Cross-platform libraries that implement the C standard interface for threading.

When the C standard incorporated threading in C11, the model was based on pthreads. The 'p' in "pthreads" stands for "POSIX", which means that the model very closely resembles what was already incorporated into POSIX-based systems. The PosixCThreads library is really just a very thin wrapper around the ptherads library. This is true even in gcc, which requires that pthreads be linked to an executable making use of C threads in gcc 8.0 and beyond.

The Windows model was not designed with pthreads in mind. While Windows supports the same concepts in general, the specifics of the Windows implementations of those mechanisms are very different. For the most part, this can be dealt with by defining types and functions that abstract the details of the internals of Windows mechanisms away from the user of this library.

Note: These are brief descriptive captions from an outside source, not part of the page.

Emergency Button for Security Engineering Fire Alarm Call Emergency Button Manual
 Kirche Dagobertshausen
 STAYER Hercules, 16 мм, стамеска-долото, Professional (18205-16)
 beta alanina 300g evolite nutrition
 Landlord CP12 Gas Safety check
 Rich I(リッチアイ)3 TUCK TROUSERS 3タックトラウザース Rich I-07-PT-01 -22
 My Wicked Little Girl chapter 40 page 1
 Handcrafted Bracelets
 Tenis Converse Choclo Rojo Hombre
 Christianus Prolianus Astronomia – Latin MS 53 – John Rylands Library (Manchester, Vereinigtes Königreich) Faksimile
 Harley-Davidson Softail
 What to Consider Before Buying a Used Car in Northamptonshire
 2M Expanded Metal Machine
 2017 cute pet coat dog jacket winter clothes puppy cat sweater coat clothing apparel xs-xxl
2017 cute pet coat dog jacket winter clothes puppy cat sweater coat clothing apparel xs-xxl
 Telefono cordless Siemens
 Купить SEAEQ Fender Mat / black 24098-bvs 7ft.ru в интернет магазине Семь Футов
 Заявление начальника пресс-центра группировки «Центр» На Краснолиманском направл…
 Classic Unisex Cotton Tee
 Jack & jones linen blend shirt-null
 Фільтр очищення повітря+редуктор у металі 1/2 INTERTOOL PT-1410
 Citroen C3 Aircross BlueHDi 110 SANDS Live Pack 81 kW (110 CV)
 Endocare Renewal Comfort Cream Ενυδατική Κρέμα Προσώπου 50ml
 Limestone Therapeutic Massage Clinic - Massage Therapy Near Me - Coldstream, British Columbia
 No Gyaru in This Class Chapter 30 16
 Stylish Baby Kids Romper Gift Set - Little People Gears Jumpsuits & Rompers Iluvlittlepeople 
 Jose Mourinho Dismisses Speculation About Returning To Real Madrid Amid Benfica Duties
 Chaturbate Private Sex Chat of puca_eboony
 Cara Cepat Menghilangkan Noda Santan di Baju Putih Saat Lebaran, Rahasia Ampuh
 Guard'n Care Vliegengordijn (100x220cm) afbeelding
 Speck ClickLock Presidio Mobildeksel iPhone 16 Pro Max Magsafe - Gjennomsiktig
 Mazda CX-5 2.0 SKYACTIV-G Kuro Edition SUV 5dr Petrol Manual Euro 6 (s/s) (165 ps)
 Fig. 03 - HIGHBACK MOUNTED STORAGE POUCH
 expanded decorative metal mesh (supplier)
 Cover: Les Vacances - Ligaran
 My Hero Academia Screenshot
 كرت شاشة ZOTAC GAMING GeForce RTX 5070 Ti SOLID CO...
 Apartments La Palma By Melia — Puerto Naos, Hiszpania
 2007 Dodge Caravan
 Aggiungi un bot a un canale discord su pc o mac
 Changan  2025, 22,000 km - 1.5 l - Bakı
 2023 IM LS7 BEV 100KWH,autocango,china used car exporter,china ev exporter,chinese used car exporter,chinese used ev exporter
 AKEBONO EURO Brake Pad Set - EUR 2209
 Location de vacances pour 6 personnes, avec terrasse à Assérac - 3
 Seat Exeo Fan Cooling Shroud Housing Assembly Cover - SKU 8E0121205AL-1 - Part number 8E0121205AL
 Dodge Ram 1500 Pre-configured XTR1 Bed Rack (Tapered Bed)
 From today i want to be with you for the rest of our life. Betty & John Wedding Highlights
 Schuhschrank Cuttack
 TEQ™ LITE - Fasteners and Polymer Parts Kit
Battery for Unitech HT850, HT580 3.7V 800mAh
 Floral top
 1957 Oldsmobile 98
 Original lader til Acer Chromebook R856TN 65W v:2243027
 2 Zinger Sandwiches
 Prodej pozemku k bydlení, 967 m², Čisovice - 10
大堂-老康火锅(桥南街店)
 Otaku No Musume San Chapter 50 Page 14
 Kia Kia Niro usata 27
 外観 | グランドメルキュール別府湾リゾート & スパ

There is, however, one very fundamental difference that can't easily be abstracted by types: Thread-specific storage. In Windows, thread-specific storage is intended to be achieved by "Thread Local Storage" slots which (a) don't align well to the POSIX/C threads model and (b) don't have any mechanism for the destructors defined by POSIX/C threads. Because of this, I needed a way to keep track of thread-specific storage that would meet the requirements of the standard. I use a red black tree in my WinCThreads.c library to achieve that. In my testing, it seems that the red black tree lookup mechanism that I use may be suboptimal relative to whatever the implementation is in pthreads, however the difference is not significant enough to warrant me trying to optimize the library further for my needs.

The way to use this library is to include "CThreads.h" and compile in the appropriate library for your system. You can actually include both source files in your build process if you're lazy like I am and just include all the files in the directory. The source files are wrapped in ifdefs that detect the compiler.

Initially, my thought for the CThreads.h include was that it should include the ISO C threads.h file if it was available on the system and turn off all library wrappers. Unfortunately, this caused more problems than it solved for me. Visual Studio now officially supports C17, but not threads.h, which goofed me up. There is also a problem on Linux that making use of the the ISO C definitions in gcc 8 and beyond greatly increases the version level dependency of GLIBC. This made it practically impossible for me to compile my code on one system and use the same binary elsewhere. I finally gave up trying and just always use my own wrappers now. The linker will link to the local version of the function names over the versions in GLIBC, so all I have to ensure is that the system I'm moving my binary to supports pthreads.

Doing all this provides me with a cross-platform way of having thread support that will hopefully be obsoleted by future compiler support for the C standard threading model. Maybe one day... :-) I hope that others find it useful too.